From that day on, Castiel withstands the gifts of textbooks and travel logs. He navigates an extremely confusing period of determining whether it is Samuel or Dean Winchester who he is meant to be pledged to. He endures the relayed snatches of poetry written about his alleged love but does, at least, learn that the omega is Dean.
He learns many things, in fact. That the territory is one of contradictions, of fierce independence and fiercer loyalty. That the Winchester brothers were both raised in the expectation of presenting as alpha. That the omega refused to abandon his martial training after presenting.
This last finally jogs Castiel’s memory: he had been surprised by the omega on the training grounds during their visit. He had only seen the boy from a distance, but the deference of those around him had proclaimed the omega for what he was.
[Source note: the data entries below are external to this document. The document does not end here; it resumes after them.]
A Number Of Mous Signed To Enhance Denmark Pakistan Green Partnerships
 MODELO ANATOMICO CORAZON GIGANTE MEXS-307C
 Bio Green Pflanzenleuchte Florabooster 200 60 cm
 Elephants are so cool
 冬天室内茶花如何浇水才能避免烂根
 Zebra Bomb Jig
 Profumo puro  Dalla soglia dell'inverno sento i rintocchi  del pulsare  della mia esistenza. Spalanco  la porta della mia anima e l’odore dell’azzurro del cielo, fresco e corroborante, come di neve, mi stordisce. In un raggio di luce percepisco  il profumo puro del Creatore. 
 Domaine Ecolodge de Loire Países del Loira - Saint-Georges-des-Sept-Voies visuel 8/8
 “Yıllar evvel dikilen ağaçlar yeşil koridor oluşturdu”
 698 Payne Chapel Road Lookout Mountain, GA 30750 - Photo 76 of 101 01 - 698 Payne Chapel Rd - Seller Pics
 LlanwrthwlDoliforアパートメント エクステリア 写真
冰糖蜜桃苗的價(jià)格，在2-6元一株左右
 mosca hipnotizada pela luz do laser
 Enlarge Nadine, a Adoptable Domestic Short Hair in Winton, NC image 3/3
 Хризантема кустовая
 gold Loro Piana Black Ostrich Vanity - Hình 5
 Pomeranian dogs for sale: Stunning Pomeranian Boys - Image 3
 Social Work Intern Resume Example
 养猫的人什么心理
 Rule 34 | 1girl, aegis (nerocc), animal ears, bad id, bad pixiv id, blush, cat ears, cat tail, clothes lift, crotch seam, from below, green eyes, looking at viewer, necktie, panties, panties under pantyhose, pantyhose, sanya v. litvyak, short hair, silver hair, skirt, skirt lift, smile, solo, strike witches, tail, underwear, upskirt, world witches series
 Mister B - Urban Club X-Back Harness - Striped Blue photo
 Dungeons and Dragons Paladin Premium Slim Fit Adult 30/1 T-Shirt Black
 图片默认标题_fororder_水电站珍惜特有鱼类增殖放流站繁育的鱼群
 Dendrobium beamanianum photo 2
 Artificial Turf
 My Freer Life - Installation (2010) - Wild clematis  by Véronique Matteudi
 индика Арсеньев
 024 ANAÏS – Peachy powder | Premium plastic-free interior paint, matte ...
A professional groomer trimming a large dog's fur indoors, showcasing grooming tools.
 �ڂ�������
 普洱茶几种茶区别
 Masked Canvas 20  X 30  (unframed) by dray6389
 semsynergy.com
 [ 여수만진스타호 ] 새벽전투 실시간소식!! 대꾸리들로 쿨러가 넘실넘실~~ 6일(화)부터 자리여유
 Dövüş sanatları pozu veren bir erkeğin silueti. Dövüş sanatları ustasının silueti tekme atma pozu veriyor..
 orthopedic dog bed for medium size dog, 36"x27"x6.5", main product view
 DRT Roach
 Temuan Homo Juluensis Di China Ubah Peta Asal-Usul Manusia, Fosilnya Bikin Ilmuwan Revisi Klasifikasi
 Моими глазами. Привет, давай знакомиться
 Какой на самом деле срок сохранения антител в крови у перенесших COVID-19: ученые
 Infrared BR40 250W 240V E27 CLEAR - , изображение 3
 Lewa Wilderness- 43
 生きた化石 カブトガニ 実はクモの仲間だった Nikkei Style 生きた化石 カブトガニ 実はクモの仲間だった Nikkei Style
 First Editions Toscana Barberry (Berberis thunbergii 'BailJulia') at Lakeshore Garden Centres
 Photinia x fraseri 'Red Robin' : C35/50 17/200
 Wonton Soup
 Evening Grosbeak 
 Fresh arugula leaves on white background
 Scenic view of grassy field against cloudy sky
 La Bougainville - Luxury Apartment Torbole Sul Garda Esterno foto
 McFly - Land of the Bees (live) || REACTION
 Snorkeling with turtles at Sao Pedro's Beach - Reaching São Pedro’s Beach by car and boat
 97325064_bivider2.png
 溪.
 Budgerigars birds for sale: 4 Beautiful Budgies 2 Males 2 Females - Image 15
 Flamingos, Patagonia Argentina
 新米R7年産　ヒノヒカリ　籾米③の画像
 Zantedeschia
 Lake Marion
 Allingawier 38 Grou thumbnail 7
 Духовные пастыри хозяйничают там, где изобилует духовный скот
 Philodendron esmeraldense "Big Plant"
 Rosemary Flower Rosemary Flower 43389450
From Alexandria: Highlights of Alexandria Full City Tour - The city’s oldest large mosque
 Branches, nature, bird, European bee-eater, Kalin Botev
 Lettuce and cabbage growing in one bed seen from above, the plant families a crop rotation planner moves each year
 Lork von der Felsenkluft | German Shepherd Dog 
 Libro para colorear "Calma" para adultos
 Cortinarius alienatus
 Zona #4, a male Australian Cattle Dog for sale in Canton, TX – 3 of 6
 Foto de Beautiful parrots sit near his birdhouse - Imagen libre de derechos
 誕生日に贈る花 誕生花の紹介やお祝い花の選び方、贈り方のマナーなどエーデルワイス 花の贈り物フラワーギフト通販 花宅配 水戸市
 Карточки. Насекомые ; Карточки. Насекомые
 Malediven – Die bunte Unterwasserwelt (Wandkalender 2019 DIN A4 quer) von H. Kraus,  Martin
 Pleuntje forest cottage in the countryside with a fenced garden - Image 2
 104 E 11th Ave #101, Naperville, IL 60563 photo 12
The boy’s form had been good despite the youth of his face. Barely presented at thirteen, but very steady for his age, training with older squires, young alphas of sixteen or more.
Had he been beautiful? No, of course not. No one is beautiful at thirteen, at such a shifting, twisting year of mismatched parts. But despite his changing body and wandering center of gravity, the omega had certainly proven his place on the field. Castiel had seen him only once after this: at the far side of the high table, opposite from where Castiel waited upon King Michael.
The boy would be grown now, perhaps twenty-three or twenty-four. The alpha brother may yet be twenty, and some alphas remain unmated for a very long time, political pressure or not. Should the brother be picky enough, Castiel might remain unconcerned by this matter for a decade, long enough for much to change. It’s a thin hope, but still a hope.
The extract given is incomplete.